Assignment: Your output should be the lines below from the one holding "May include: A" through the one holding "Une petite cabane", transcribed exactly, with no pictures.
[Data for processing Boundary: Start]
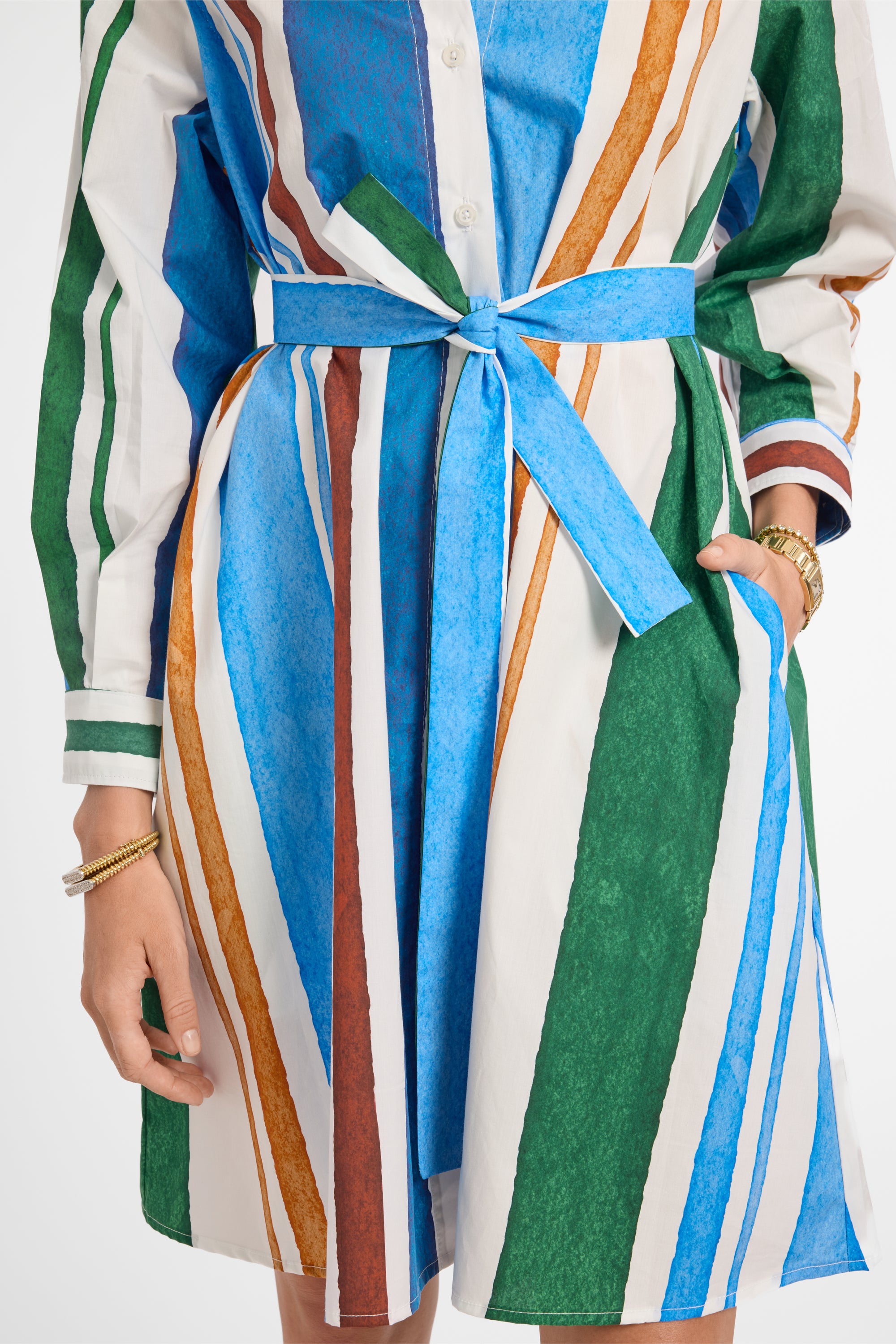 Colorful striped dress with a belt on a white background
[Data for processing Boundary: End]
[Data for processing Boundary: Start]
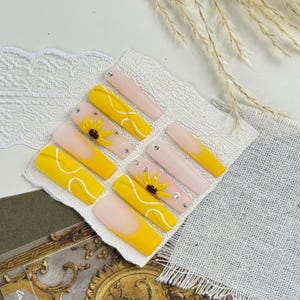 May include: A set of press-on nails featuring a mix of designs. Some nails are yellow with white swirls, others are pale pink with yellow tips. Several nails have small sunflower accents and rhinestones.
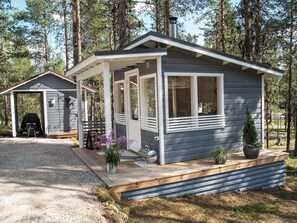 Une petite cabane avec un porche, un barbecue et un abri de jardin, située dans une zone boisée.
[Data for processing Boundary: End]
[Data for processing Boundary: Start]
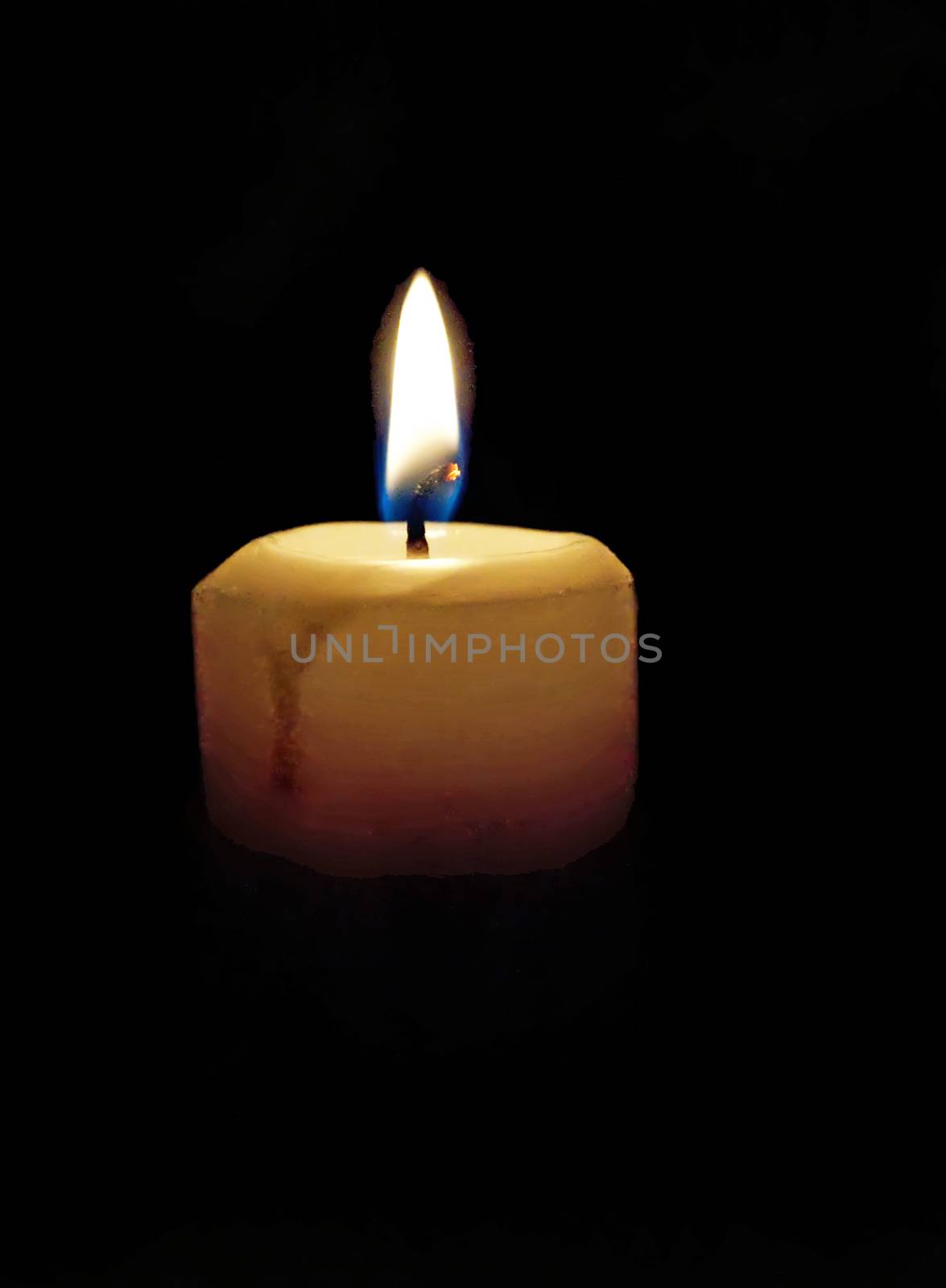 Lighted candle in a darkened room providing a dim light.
[Data for processing Boundary: End]
Exercise response:
 May include: A set of press-on nails featuring a mix of designs. Some nails are yellow with white swirls, others are pale pink with yellow tips. Several nails have small sunflower accents and rhinestones.
 Une petite cabane avec un porche, un barbecue et un abri de jardin, située dans une zone boisée.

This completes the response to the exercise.